# Latest addition to my HT



## Hakka (Sep 10, 2006)

Picked up a Toshiba HD-XE1 yesterday, it is the PAL equivalent of the HD-XA2. 
I don't have a HD projector, I bought it for the new generation sound formats, but still noticed substantial improvement in picture quality over my Denon DVD-2200.
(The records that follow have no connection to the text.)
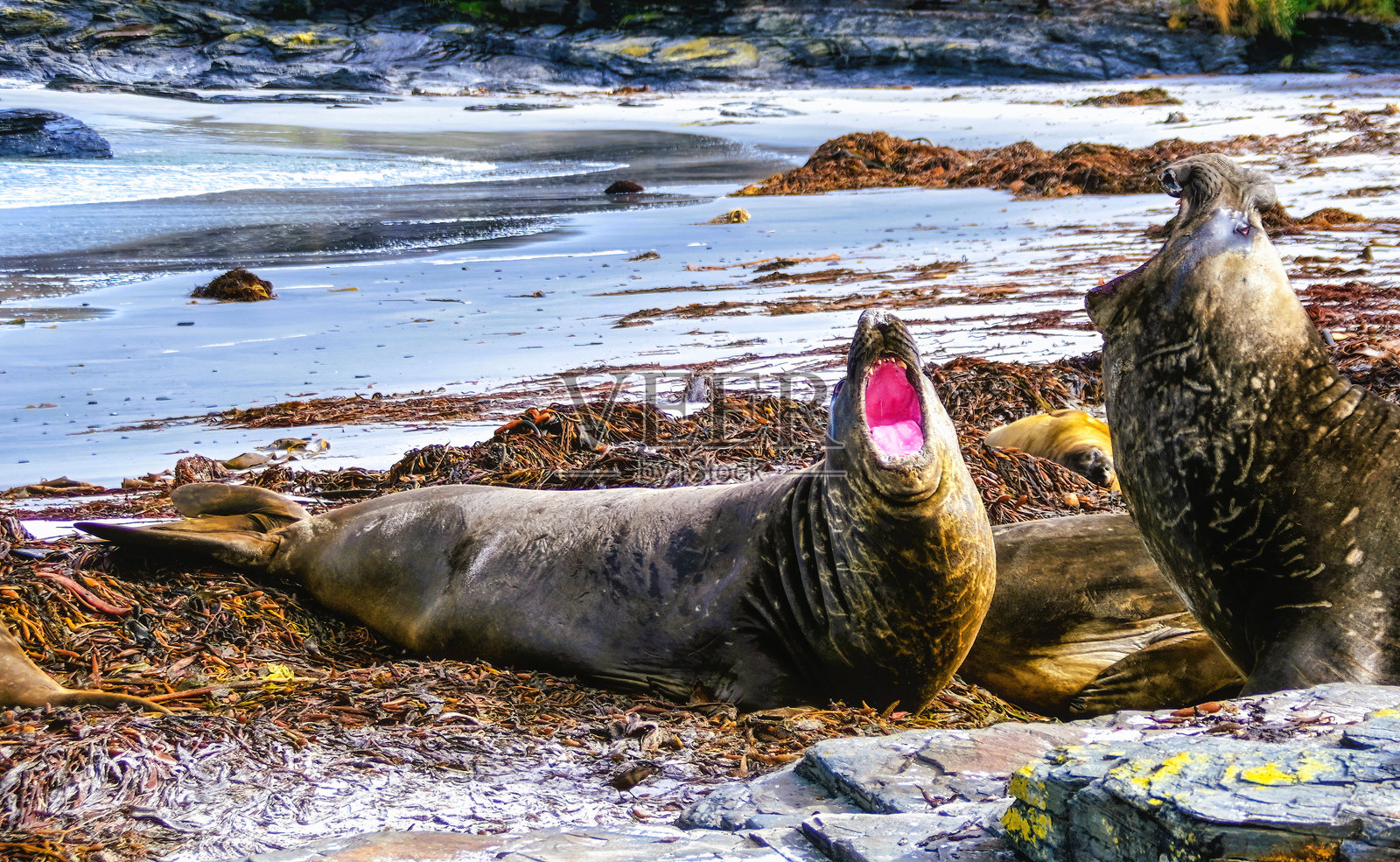 南象海豹在福克兰群岛海狮岛上咆哮照片摄影图片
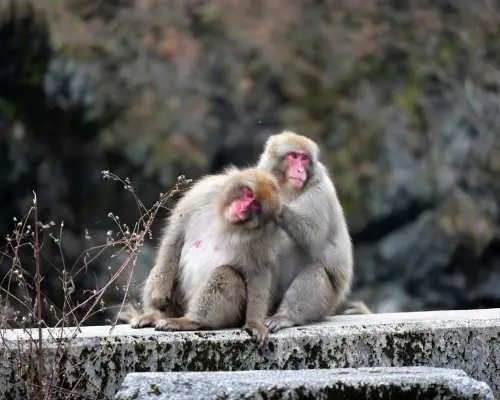 白山国立公園の野外で、石垣に座って毛づくろいし合う2匹のニホンザル（スノーモンキー）。地域の豊かな生態系が伺える。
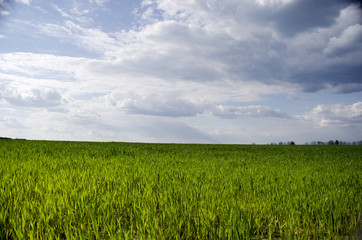 Green meadow under blue sky with clouds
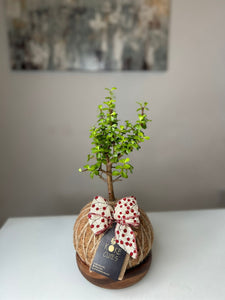 Jade Plant Gift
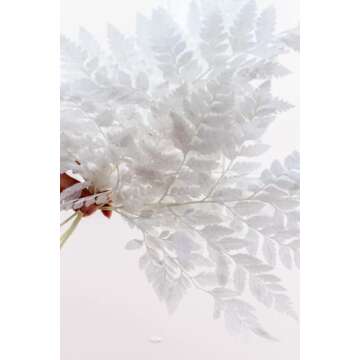 Dried Fern Bleached - 10 Stems | Fern Leaves| Preserved Fern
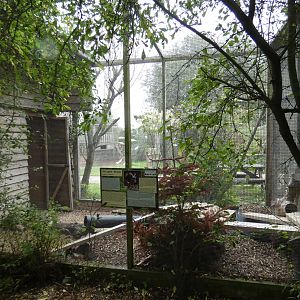 Striped skunk enclosure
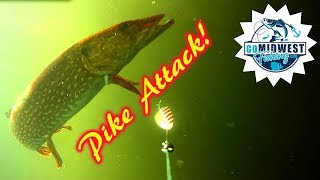 Northern Pike Attacks Underwater Camera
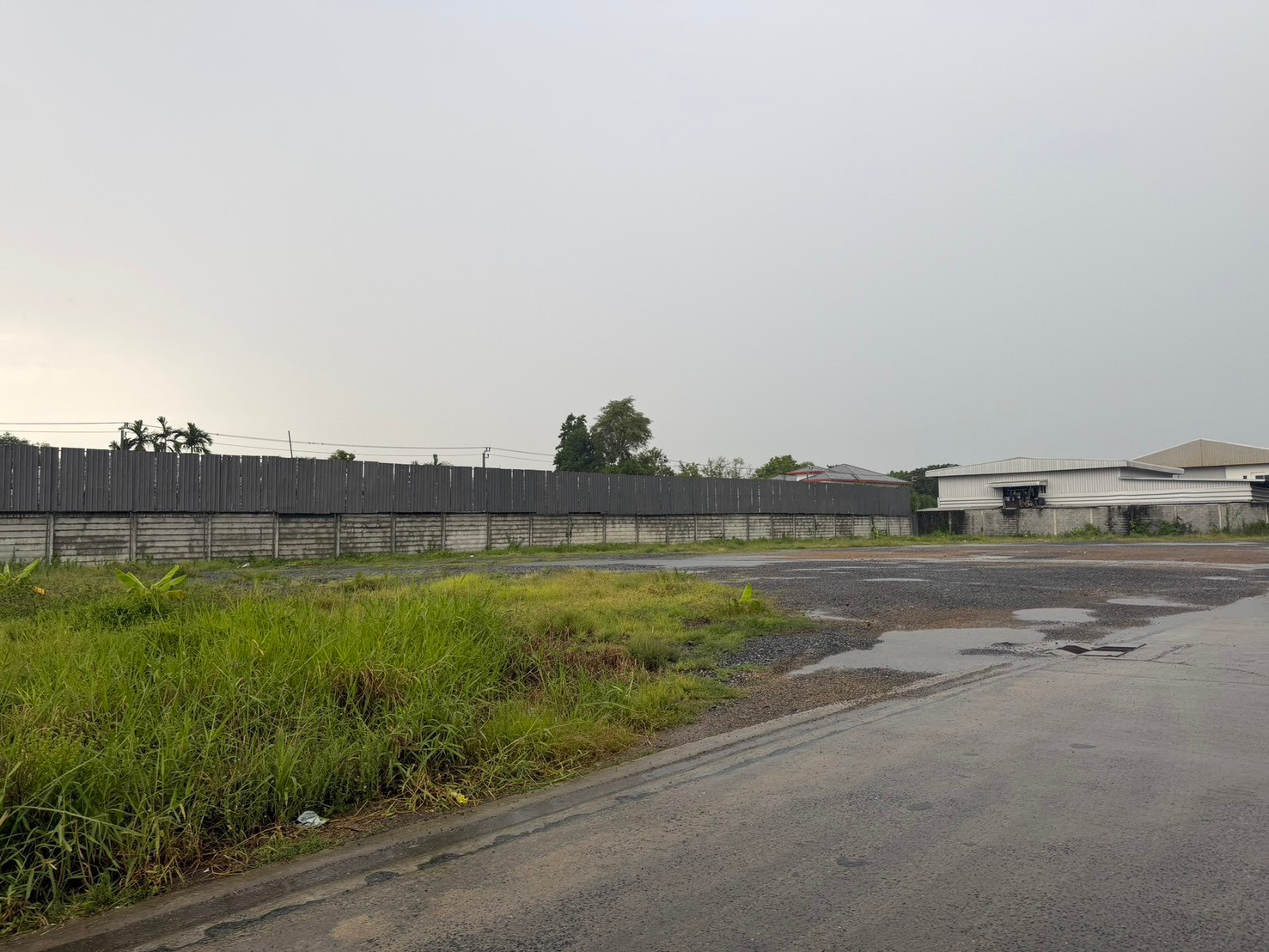 ให้เช่าที่ดินทำเลทอง ประชาร่วมใจ 59 คลองสามวา 400-800 ตร.ว. ติดถนนประชาร่วมใจ แปลงมุม ถนน 2 ด้าน ให้เช่าที่ดินทำเลทอง ประชาร่วมใจ 59 คลองสามวา 400-800 ตร.ว. ติดถนนประชาร่วมใจ แปลงมุม ถนน 2 ด้าน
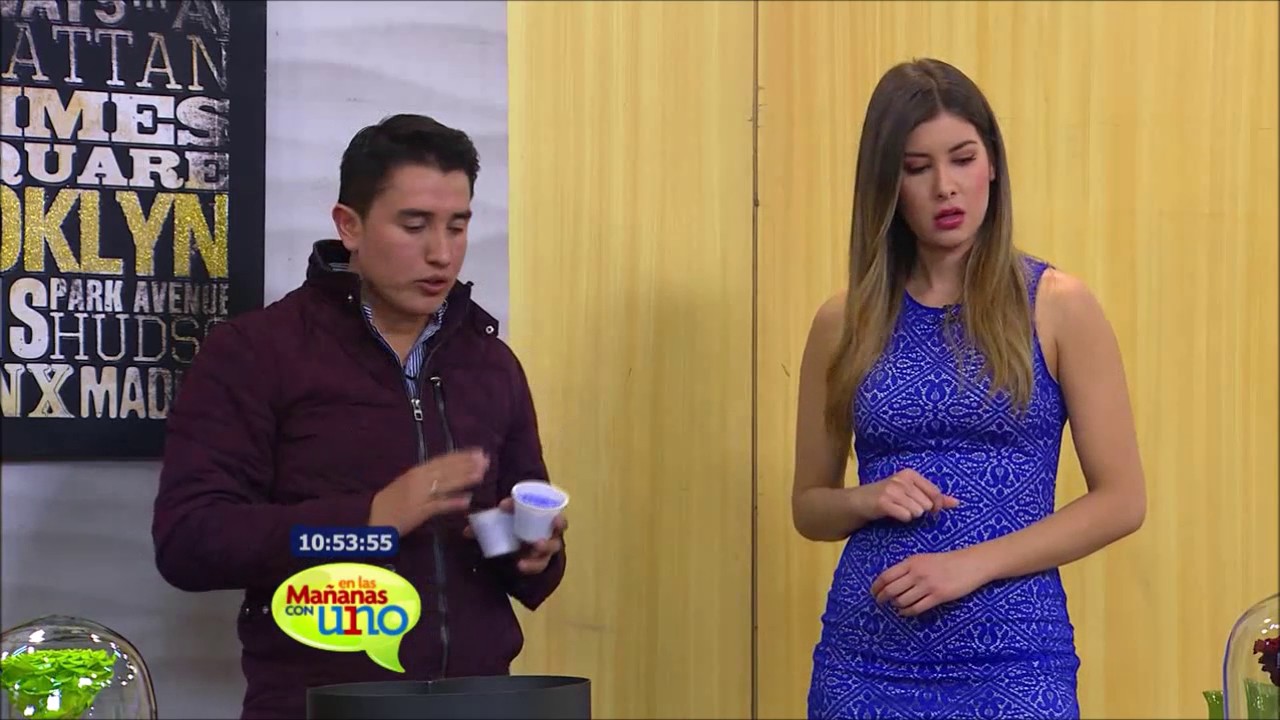 Conoce aquí cómo preservar las rosas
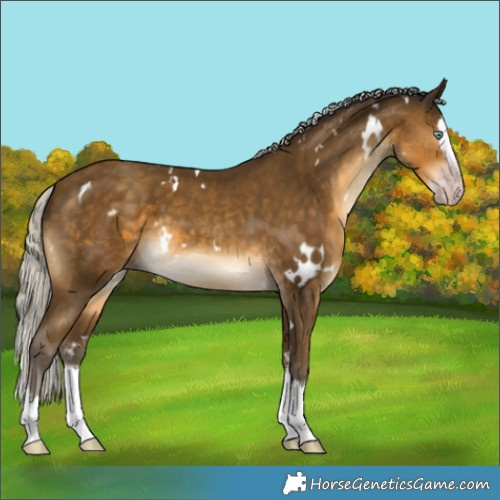 Horse Color:Gray White Spotted Silver Sable Cream Champagne Splash 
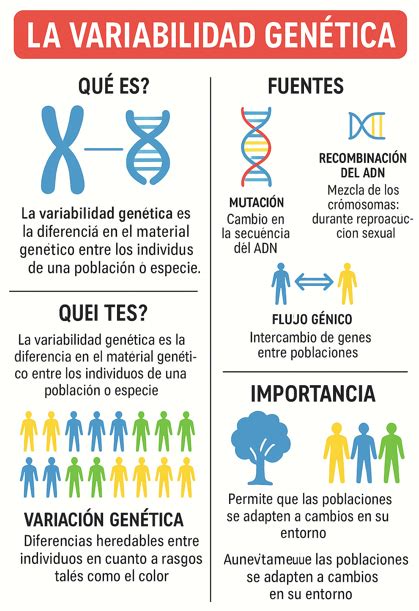 Esquema sobre el proceso de mejoramiento genético: desde la variabilidad genética hasta la selección de nuevas variedades.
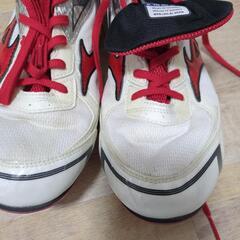 陸上用スパイク　28cmの画像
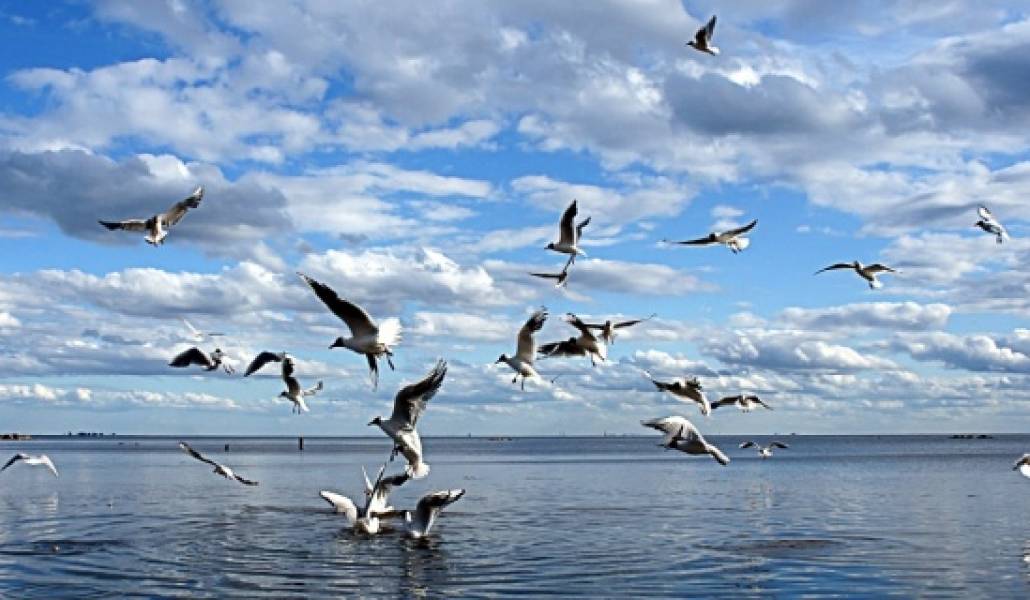 sevan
I have 5 HD-DVDs, they all have Dolby Digital Plus, no Dolby TrueHD. I own the same titles on SD DVD. I did some audio comparisons with The Bourne Supremacy, I had both sources synched up and used the remote to change inputs.
DD+ is a big improvement from DD, the level of detail was amazing. There is a scene near the start of Bourne Supremacy where they are on a balcony near the sea, there are wind chimes in the background which can't be heard very clearly in the DD mix, they were crystal clear in the DD+ mix.

I should have 300 in TrueHD before the end of the week, can't wait.

Hakka.


----------



## JCD (Apr 20, 2006)

Very Nice..

Congrats on the new toy!

JCD


----------



## clubfoot (Apr 12, 2007)

I'm going to hold out a little longer, but very nice


----------



## Prof. (Oct 20, 2006)

Nice one Hakka...Who did you get it from?..and if you don't mind me asking, how much?


----------



## Hakka (Sep 10, 2006)

I got it from Klapp AV in Footscray, I've been dealing with them for a few years now. It cost me $1369 (rrp $1599) and came with a free movie (Apollo 13).

Hakka.


----------